(Short text fragments from websites)

**********

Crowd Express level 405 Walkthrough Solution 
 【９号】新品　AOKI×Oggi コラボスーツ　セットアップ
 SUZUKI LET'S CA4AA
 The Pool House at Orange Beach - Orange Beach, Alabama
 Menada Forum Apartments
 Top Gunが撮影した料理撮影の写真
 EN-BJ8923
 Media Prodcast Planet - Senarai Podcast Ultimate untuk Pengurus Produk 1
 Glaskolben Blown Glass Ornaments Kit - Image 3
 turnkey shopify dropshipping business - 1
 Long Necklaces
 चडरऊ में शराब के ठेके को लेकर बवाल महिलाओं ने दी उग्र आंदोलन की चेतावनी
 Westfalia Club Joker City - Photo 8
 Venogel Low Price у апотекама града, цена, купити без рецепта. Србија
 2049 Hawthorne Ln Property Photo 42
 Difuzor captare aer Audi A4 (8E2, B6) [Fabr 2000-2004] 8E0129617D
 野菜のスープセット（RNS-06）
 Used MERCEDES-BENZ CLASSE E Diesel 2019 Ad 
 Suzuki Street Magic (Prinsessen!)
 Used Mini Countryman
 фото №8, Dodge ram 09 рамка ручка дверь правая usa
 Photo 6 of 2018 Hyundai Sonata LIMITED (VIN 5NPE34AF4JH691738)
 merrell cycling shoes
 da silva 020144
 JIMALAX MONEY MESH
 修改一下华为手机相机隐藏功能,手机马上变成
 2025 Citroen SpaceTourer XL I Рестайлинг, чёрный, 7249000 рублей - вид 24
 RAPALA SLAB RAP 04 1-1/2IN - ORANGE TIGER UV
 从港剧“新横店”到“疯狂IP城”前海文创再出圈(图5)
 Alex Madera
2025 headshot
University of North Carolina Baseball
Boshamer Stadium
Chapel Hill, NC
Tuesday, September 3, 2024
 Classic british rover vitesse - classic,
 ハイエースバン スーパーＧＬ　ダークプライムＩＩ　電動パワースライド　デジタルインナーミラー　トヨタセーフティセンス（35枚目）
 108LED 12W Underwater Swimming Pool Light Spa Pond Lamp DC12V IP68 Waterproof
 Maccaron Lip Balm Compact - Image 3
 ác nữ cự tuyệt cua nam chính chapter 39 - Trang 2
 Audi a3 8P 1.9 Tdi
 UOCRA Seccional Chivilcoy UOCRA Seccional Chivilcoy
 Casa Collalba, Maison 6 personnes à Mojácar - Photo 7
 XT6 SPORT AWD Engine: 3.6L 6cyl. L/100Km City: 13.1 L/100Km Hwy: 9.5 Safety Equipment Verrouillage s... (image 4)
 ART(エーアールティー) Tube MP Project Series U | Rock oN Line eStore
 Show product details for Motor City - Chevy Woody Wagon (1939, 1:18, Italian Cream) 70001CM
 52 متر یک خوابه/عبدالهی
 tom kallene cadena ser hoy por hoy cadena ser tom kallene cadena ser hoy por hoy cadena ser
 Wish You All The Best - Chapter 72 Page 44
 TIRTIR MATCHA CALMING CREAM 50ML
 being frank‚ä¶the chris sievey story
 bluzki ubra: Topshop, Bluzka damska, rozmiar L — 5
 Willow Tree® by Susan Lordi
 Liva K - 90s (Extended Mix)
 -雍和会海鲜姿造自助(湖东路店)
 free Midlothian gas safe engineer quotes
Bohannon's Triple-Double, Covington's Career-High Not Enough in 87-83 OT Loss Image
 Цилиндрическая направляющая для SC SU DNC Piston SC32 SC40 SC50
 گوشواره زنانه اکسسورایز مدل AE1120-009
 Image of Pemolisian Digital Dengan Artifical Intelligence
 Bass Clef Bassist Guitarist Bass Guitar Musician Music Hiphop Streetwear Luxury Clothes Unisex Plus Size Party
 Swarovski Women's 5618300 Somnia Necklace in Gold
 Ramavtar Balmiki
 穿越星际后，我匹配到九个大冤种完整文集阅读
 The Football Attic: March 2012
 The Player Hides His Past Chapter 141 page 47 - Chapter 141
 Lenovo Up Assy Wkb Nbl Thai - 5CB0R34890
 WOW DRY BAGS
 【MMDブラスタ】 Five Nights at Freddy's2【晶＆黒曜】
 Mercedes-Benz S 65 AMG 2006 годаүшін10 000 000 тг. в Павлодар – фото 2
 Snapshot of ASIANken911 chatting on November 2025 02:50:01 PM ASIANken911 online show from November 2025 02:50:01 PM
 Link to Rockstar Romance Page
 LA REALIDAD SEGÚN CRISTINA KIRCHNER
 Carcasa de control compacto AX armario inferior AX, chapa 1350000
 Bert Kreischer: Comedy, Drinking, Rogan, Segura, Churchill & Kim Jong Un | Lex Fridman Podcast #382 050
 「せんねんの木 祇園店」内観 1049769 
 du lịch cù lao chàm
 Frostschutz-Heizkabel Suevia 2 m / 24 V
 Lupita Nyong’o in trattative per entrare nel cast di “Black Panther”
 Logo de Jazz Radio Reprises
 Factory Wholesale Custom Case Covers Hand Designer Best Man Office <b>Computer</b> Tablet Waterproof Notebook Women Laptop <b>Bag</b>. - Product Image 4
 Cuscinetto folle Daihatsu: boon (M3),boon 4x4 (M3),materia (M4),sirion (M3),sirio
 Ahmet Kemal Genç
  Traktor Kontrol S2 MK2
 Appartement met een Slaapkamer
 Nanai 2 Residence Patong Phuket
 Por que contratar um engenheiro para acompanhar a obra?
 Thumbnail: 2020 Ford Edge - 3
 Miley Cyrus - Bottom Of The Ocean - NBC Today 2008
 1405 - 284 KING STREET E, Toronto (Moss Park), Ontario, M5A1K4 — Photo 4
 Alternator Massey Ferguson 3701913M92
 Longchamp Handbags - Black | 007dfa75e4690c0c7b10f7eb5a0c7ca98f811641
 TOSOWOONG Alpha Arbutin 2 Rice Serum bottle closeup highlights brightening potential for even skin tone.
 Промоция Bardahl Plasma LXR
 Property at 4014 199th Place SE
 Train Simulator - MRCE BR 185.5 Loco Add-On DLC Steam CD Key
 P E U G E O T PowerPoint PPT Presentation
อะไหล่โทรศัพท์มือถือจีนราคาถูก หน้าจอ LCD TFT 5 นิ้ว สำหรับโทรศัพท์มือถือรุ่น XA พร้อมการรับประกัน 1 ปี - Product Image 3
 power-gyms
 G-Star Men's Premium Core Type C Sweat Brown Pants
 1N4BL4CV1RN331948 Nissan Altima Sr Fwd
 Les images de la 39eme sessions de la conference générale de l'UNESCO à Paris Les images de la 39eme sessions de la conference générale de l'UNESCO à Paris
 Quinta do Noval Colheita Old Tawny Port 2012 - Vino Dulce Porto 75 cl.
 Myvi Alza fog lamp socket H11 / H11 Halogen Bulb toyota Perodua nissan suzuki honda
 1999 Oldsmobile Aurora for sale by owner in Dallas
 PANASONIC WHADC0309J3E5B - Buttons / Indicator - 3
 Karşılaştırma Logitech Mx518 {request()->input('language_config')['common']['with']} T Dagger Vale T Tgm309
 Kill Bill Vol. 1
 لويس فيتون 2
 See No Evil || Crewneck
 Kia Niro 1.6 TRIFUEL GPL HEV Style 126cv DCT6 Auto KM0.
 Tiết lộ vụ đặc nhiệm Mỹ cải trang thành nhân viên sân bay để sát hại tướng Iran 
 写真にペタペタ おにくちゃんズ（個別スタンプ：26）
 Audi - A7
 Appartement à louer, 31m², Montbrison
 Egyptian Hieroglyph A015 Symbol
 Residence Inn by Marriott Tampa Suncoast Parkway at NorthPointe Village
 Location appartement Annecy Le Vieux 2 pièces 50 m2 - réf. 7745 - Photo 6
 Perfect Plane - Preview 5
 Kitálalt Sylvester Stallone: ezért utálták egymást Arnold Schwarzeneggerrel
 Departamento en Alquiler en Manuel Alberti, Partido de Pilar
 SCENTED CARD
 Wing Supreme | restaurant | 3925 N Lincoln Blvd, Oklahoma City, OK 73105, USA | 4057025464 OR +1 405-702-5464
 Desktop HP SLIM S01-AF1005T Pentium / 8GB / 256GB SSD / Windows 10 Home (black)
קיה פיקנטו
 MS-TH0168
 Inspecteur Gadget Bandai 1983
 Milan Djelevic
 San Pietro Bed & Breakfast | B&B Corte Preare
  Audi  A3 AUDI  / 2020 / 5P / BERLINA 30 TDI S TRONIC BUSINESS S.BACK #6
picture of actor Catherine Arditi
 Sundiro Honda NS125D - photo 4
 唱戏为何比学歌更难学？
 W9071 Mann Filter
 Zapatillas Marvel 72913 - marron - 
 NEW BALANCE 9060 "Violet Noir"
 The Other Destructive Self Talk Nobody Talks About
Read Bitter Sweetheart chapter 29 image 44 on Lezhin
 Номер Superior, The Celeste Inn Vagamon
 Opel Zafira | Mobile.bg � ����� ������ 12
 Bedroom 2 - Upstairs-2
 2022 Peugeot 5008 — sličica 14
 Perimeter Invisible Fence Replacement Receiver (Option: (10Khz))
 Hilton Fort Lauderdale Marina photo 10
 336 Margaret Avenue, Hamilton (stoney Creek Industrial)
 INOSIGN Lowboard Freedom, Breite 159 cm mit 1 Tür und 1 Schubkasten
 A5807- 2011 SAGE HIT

**********

PROBLEM STATEMENT = Start with the first line of the data and print every line exactly. The line containing "Media Prodcast Planet" is the last one to include.

RESPONSE TO THIS TASK =
Crowd Express level 405 Walkthrough Solution 
 【９号】新品　AOKI×Oggi コラボスーツ　セットアップ
 SUZUKI LET'S CA4AA
 The Pool House at Orange Beach - Orange Beach, Alabama
 Menada Forum Apartments
 Top Gunが撮影した料理撮影の写真
 EN-BJ8923
 Media Prodcast Planet - Senarai Podcast Ultimate untuk Pengurus Produk 1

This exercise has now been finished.